The story points out that the Centers for Disease Control and Prevention say that “just 28 percent of those 75 and up meet the recommendation for aerobic activity, and only 8 percent also did the suggested amount of strength training.” It says that too many of the elderly are sedentary, believing they’ve earned a focus on relaxation. But this and many other studies outline numerous health benefits from exercise and physical activity, even among the elderly, assuming their physical status is up for it. Physicians should help their patients decide what kind of physical program they should undertake, and as the story shows, even regular walking can be very helpful.
We’ll rate this category as non-applicable since the thrust of the story and the project it reports about is for elderly persons to adopt a routine of physical activity, the core of which is walking, which costs nothing. Certainly some costs are possible, say if for example a gym membership was desired, but neither the study or the story recommended that. Simple walking seemed to net ample positive results.
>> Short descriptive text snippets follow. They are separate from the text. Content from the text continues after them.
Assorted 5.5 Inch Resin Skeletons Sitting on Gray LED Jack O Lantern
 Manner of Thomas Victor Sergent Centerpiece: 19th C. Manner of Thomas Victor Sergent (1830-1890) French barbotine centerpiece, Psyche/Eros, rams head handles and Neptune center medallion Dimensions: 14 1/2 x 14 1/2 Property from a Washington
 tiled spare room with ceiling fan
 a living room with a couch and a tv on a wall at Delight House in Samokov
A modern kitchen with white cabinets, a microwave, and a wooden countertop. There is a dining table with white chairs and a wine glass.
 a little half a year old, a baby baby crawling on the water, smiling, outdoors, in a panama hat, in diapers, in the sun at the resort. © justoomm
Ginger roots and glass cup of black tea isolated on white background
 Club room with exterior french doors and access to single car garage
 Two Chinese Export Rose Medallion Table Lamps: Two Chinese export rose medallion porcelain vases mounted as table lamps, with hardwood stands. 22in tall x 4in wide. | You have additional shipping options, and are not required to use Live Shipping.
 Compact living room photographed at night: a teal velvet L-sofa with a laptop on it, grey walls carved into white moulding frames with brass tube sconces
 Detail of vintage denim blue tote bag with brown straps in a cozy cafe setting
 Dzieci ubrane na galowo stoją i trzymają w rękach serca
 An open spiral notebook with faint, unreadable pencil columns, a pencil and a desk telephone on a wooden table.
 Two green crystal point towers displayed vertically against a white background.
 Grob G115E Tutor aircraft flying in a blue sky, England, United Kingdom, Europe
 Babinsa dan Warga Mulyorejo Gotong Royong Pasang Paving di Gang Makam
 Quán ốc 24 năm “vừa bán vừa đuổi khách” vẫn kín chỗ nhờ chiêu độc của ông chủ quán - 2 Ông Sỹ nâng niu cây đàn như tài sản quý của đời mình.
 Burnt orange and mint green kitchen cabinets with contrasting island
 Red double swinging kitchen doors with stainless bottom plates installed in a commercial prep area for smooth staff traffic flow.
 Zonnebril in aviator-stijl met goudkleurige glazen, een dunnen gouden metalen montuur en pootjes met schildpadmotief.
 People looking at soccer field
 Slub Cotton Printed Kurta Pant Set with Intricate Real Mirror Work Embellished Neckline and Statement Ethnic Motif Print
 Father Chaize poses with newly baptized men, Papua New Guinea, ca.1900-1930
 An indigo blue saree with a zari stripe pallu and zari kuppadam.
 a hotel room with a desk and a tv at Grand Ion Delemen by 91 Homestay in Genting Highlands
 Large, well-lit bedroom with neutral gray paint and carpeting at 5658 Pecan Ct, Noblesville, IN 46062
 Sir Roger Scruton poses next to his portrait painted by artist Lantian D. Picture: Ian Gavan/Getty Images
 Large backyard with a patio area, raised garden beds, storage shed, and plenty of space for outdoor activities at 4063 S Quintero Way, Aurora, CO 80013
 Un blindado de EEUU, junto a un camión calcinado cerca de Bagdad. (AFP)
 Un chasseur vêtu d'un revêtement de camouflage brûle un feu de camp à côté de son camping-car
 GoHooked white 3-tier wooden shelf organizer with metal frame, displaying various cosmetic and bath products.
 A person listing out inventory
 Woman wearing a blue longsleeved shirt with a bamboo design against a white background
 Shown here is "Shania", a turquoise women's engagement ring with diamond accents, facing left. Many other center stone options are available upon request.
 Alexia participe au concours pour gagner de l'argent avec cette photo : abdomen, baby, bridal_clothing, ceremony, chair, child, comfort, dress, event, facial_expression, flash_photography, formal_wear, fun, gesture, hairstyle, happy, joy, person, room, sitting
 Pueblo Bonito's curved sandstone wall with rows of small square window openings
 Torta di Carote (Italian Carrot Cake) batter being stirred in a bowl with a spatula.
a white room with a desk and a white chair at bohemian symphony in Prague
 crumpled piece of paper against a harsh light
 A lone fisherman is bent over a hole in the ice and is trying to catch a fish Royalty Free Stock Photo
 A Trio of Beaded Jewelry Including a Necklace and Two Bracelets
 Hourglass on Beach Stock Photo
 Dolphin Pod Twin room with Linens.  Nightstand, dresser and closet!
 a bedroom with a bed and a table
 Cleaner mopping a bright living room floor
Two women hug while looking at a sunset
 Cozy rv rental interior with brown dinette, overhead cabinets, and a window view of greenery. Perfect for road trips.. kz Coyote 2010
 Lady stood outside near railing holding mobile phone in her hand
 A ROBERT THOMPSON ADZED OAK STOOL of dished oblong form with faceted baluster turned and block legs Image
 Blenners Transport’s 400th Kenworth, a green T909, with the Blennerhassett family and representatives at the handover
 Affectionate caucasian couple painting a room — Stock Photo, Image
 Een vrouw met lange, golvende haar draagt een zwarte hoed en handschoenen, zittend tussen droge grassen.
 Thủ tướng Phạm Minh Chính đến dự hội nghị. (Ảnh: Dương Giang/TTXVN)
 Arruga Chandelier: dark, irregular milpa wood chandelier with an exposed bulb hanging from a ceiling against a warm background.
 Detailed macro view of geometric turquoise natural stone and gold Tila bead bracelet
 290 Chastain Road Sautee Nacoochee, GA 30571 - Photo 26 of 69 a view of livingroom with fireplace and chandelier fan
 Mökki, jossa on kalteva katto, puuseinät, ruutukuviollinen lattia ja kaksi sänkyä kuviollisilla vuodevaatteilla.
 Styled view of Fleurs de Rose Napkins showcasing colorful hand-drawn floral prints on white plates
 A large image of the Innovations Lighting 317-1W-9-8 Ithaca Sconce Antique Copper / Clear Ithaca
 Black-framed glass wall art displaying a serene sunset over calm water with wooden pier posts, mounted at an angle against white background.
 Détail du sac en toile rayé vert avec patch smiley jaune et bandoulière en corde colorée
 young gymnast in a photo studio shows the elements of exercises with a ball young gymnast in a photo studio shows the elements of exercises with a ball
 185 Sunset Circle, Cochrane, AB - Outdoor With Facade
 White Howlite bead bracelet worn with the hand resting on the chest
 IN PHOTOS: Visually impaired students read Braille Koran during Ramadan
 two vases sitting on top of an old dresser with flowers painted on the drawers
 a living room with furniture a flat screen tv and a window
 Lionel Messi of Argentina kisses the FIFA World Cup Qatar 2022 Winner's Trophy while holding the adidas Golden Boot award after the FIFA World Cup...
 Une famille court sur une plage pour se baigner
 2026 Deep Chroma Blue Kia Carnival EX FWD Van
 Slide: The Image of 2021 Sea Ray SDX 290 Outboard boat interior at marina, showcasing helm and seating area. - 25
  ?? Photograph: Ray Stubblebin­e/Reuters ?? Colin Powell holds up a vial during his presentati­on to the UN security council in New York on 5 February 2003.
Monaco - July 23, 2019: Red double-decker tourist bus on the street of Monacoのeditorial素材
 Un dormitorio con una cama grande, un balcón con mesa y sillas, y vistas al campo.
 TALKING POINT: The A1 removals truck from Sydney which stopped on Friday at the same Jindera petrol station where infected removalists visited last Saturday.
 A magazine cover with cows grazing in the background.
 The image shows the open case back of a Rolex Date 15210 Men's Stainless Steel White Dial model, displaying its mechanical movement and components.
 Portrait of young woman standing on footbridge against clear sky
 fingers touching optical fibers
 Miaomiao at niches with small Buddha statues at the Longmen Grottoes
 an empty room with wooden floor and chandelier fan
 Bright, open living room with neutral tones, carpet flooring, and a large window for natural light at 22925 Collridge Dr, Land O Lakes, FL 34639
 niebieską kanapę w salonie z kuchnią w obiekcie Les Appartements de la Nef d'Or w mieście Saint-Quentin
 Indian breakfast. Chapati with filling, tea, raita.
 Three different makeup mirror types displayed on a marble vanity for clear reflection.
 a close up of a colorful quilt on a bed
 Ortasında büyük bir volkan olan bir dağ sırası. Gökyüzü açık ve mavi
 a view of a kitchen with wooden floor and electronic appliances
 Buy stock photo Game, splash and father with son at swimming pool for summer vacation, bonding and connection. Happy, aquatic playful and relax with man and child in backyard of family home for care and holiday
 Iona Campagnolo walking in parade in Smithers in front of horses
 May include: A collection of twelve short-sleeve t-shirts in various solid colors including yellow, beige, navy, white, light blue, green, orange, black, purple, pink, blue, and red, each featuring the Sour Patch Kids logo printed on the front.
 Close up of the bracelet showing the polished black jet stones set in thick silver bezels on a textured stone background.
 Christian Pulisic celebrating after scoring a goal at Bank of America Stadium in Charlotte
While quantification was minimal in this story, we’ll rate it barely satisfactory since it states those participating in the physical activity part of the study “cut the amount of time that people spent with a “major mobility disability” — defined as being unable to walk a quarter mile — by 25 percent compared to the education program.” But 25% of what?
It also stated that, “Previous findings from the same study showed that the exercise program lowered the risk of becoming disabled in the first place; this one showed that it sped recovery from an episode of disability and lowered the risk of subsequent episodes.” However, it failed to explain how much that risk was lowered, or whether it was an absolute risk or a relative risk. Statements offered by others in the story said that “people who engage in physical activity have a lower risk for heart disease, diabetes, certain cancers, depression, cognitive impairment and functional decline,” but gave no measures of how much those risks were lowered.
This story basically recommends physical activity for the elderly, which most experts would support. But the study in question focused on “sedentary people between 70 and 89 years old who had some functional limitations, but who could walk about a quarter of a mile in 15 minutes or less, unassisted by another person or a walker. (Canes were OK.)” There is obviously a great deal of variation in a population that broad and many included in that age bracket may also have balance, pain or stability issues that might preclude jumping into a similar program. We would have been happier if the story focused early on any new program of physical activity being clearly linked to an initial consult with the person’s physician. While the story does mention at the end that the authors of an accompanying editorial advised physicians that, “Prescribing exercise may be just as important as prescribing medications — perhaps even more important in some cases,” that seemed insufficient compared to the consequences of physical-activity-induced injury among the elderly.
As mentioned before, the story showed that the physical activity program “sped recovery from an episode of disability and lowered the risk of subsequent episodes” by 25 percent. It also explains that the study itself followed 1,600 participants for about 2.7 years — a considerable length of time for such a study. But that’s really the extent of the information offered. It describes participants only as being “sedentary” without defining the extent of that state. Nor does it give any information about the strength or endurance of the participants at the beginning and at the end of the study, indications that might help readers place themselves in a comparable continuum. It doesn’t even provide a gender breakdown of the participants although we know there are gender differences in stress and exercise among the aged. The story, while informative, deserved more specific information.
The story does not commit disease-mongering.
The story quotes an independent source, and doesn’t appear to have missed any conflicts of interest.
The most likely alternative is a rehab program that would incorporate many of the same elements as the study protocol.
Since walking and physical activity are available to all capable of such exercise, there is no question about availability here.
Yes, the story establishes novelty this way:
“Previous research has suggested that exercise can improve memory and reverse muscle loss in older adults, among other benefits.” and “Previous findings from the same study showed that the exercise program lowered the risk of becoming disabled in the first place; this one showed that it sped recovery from an episode of disability and lowered the risk of subsequent episodes.”
There is no evidence that this story relied on a news release.